Kevin se encontraba bajo la atención de su hermano Jovany Ramírez en Chicago desde que recibió el diagnóstico en enero. A pesar del esfuerzo por conseguir una visa humanitaria, las autoridades no cedieron, lo que llevó a sus padres a tomar medidas desesperadas para cruzar la frontera.
Políticas migratorias en el ojo del huracán
Este caso se da en un contexto de endurecimiento de las políticas migratorias de Estados Unidos bajo la administración de Donald Trump. El presidente designó a Tom Homan como el “zar de la frontera”, quien ha intensificado los operativos de deportación masiva, especialmente en las ciudades santuario.

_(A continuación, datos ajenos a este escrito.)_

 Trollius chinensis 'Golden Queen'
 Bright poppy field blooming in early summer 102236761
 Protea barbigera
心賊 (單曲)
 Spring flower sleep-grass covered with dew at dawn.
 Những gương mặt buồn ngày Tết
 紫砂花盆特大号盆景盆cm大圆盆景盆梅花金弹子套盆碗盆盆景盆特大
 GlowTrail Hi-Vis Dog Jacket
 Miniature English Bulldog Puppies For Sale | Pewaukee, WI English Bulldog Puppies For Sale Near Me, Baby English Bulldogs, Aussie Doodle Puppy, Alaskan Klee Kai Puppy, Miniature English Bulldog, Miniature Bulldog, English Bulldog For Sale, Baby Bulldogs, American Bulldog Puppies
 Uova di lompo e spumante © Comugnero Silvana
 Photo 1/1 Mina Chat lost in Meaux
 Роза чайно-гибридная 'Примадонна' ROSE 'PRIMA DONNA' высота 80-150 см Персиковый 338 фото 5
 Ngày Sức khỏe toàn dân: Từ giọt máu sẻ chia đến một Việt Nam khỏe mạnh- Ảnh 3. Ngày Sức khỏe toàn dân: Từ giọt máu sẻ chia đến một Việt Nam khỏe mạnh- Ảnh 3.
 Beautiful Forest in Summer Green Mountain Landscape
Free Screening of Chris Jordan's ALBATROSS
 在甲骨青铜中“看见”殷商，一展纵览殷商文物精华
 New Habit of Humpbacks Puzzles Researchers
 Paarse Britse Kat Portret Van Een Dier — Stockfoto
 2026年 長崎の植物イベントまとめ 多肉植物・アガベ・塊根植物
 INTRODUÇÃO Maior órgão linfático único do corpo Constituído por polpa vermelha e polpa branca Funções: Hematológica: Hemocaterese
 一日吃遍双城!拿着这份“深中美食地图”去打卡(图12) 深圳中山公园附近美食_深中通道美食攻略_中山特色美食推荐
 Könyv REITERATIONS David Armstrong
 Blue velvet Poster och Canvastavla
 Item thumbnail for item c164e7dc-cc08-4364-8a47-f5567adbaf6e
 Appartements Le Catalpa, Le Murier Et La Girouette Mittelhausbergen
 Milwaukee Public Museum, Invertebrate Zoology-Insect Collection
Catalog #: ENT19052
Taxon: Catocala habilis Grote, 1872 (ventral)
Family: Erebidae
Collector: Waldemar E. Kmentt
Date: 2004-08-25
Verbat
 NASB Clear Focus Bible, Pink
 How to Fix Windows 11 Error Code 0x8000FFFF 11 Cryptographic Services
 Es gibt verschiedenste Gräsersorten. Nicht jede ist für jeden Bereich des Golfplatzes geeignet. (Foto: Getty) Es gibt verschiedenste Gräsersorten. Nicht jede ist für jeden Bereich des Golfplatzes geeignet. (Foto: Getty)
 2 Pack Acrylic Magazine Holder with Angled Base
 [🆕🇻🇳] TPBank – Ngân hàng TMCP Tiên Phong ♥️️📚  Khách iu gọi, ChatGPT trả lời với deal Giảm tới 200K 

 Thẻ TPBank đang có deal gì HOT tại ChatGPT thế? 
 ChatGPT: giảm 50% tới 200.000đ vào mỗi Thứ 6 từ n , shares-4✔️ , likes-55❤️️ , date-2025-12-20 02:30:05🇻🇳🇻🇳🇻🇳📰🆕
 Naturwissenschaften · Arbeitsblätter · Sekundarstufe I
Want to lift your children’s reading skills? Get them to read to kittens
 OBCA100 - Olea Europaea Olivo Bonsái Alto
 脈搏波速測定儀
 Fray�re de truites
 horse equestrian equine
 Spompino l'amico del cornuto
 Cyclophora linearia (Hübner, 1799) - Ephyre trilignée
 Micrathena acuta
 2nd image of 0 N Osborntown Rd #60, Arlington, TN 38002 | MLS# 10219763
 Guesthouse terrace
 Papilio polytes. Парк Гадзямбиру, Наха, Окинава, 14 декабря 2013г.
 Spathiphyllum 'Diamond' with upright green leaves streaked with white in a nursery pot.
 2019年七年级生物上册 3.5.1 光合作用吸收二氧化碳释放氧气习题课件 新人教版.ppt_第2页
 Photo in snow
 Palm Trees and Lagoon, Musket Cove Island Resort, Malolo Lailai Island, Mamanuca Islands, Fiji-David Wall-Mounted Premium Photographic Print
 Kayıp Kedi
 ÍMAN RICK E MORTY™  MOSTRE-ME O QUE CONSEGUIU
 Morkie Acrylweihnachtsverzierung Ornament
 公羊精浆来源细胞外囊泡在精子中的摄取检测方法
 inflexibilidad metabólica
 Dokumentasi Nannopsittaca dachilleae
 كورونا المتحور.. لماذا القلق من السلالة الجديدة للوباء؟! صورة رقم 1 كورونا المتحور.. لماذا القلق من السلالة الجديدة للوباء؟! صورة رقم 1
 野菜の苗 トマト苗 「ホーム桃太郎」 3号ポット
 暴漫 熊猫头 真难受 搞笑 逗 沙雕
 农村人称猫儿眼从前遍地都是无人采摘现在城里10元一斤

Según declaraciones a CBS News, Homan justificó estas medidas como una respuesta a las normativas migratorias más flexibles de años recientes.
La situación de Kevin González y su familia es un reflejo de las dificultades que enfrentan muchas familias separadas por las políticas de inmigración. A pesar de los obstáculos, los González Ramírez lograron reunirse en Durango, cumpliendo el último deseo de Kevin de estar con sus padres antes de partir.
Este emotivo reencuentro nos recuerda la humanidad detrás de las cifras y estadísticas que suelen dominar la narrativa migratoria. La historia de Kevin es un llamado de atención a las autoridades para considerar el impacto humano de sus decisiones y políticas.